As in the Foxp2 KO striatum, in which increased DCTN1 was observed, in mice in which we induced the overexpression of FOXP2^R553H in the striatum, we found up-regulation of DCTN1 in striatal neurons (Supplementary Fig. 4F–J). We then decreased the increased level of Dctn1 with shRNA to determine whether this would ameliorate deficits in TrkB-RFP endosome trafficking and neurite outgrowth. The abnormalities of TrkB-RFP-labelled vesicle transport were rescued by this knockdown of DCTN1 in FOXP2^R553H-expressing neurons (Fig. 7D–G and Supplementary Videos 9–12). Furthermore, Dctn1 knockdown restored neurite lengths and dendritic arborization of striatal neurons of WT mice infected with pJHUG-H1-shDctn1-Ubi-FOXP2^R553H-p2A-GFP (shDctn1-FOXP2^R553H-GFP) lentivirus relative to those observed in WT mice infected with the control pJHUG-H1-shLacZ-Ubi-FOXP2^R553H-p2A-GFP (shLacZ-FOXP2^R553H-GFP) lentivirus in vivo (Fig. 7H and L–N).

Dctn1 knockdown restores morphological and physiological deficits in SPNs of FOXP2^R553H mice

We asked whether FOXP2^R553H-induced deficits in vocalization could be mitigated by knocking down striatal DCTN1. To study the interaction of human WT FOXP2^WT and FOXP2^R553H mutant proteins in the mouse brain in vivo, we microinjected pJHUG-H1-shLacZ-Ubi-FOXP2^R553H-p2A-mCherry (shLacZ-FOXP2^R553H-mCherry) lentivirus into the newborn striatum of Foxp2^H^/− mice that carried a humanized version of the WT Foxp2 allele (H) and a mouse Foxp2 null allele (−) (Fig. 8A).¹⁶ We expressed the FOXP2^R553H mutant gene in Foxp2^H^/− mice to model human KE patients carrying the heterozygous FOXP2^R553H mutant allele.
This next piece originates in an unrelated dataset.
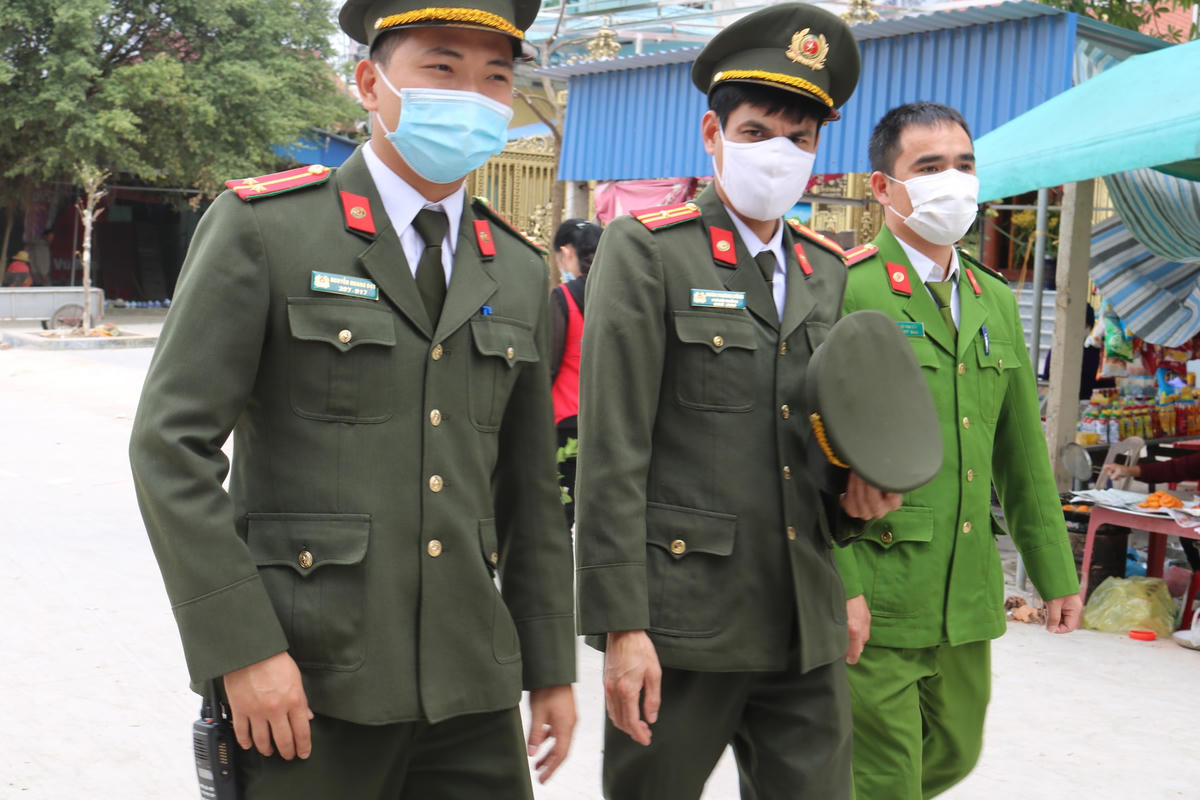 Lực lượng chức năng liên tục tuần tra, nhắc nhở.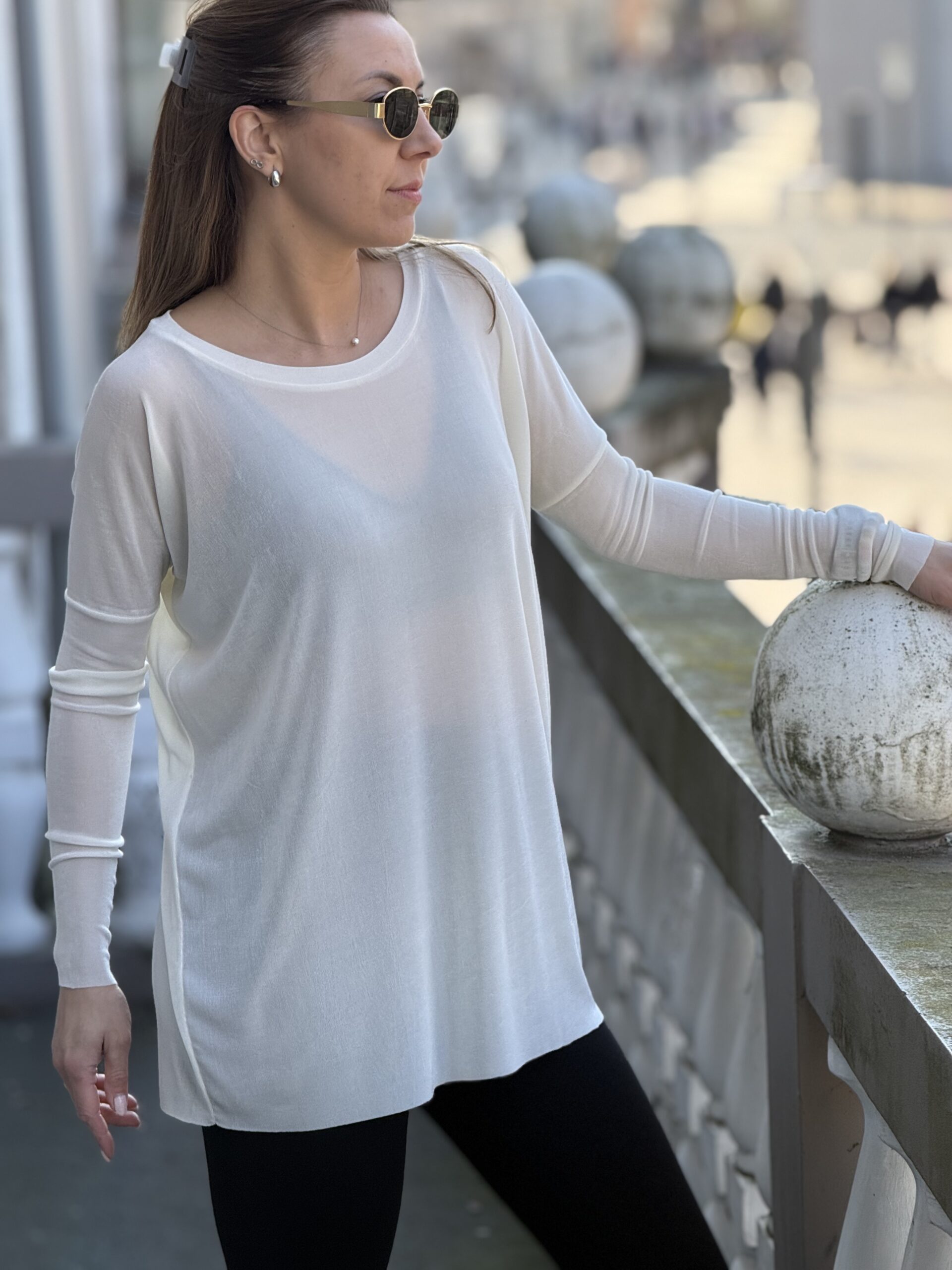 "šlapio trikotažo" labai krentanti palaidinė S dydis - Image 2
Morphological analysis indicated reductions in neurite lengths and branches of mCherry+ cells in the striatum of Foxp2^H^/−;shLacZ-FOXP2^R553H-mCherry mice compared with control values in Foxp2^H^/−;shLacZ-FOXP2^WT-mCherry mice (Fig. 8B, B′, C and D). Remarkably, Dctn1 knockdown restored neurite lengths and arborization of mCherry+ cells in the striatum of Foxp2^H^/−;shDctn1-FOXP2^R553H-mCherry mice compared with control Foxp2^H^/−;shLacZ-FOXP2^R553H-mCherry mice (Fig. 8B, B′, C, D and Supplementary Fig. 10B).

*Dctn1* knockdown restores dendritic arborization of striatal neurons and concomitantly partially rescues vocalization in a mouse model of *FOXP2^R553H* mutation. (A) The flow chart of the experiment. (B–D) Dendritic arborization (C) and total lengths (D) were decreased in striatal neurons of *shLacZ;FOXP2^R553H*-infected *Foxp2^H*^/− mice (B′) compared with control *shLacZ;FOXP2^WT*-infected *Foxp2^H*^/− mice (B). The dendritic reductions were reversed by *Dctn1* knockdown (B′). The heat map of each neuron represents a 3D volumetric colour rendering of the image stack while each new path segment is traced. (E) Whole cell patch-clamp electrophysiological shows that the frequency, but not amplitude, of mEPSCs was reduced in striatal neurons of *shLacZ;FOXP2^R553H*-infected *Foxp2^H*^/− mice. Knocking down *Dctn1* in *FOXP2^R553H-*expressing neurons reverses the decreased mEPSC frequency. (F–K) The events, frequency jump and duration of USV features were reduced in *shLacZ;FOXP2^R553H*-infected *Foxp2^H*^/− mice compared with *shLacZ;FOXP2^WT*-infected *Foxp2^H*^/− mice at P8. Decreased USV events in *shLacZ;FOXP2^R553H*-infected *Foxp2^H*^/− mice were reversed in *shDctn1;FOXP2^R553H*-infected mice. (L) Schematic drawings summarize the major findings in the present study. *^,#,†P < 0.05, **^,##,††P < 0.01, ***^{,###,†††}P < 0.001. In C, asterisk indicates the significant difference between *Foxp2^H*^/−*;shLacZ;FOXP2^WT* and *Foxp2^H*^/−*;shLacZ;FOXP2^R553H* groups; number sign indicates the significant difference between *Foxp2^H*^/−*;shLacZ;FOXP2^R553H* and *Foxp2^H*^/−*;shDctn1;FOXP2^R553H* groups; dagger indicates the significant difference between *Foxp2^H*^/−*;shLacZ;FOXP2^WT* and *Foxp2^H*^/−*;shDctn1;FOXP2^R553H* groups. One-way ANOVA with Tukey's HSD *post hoc* test was used in D, G, H and J. Two-way ANOVA with Tukey's HSD *post hoc* test were used in C. Significant differences between groups in C were tested by the simple main effect of two-way ANOVA. Kruskal–Wallis one-way ANOVA followed by Dunn's pairwise multiple comparisons test was used in E, F and I. Data are mean ± SEM in C, D, G, H and J, and median ± interquartile range in E, F and I.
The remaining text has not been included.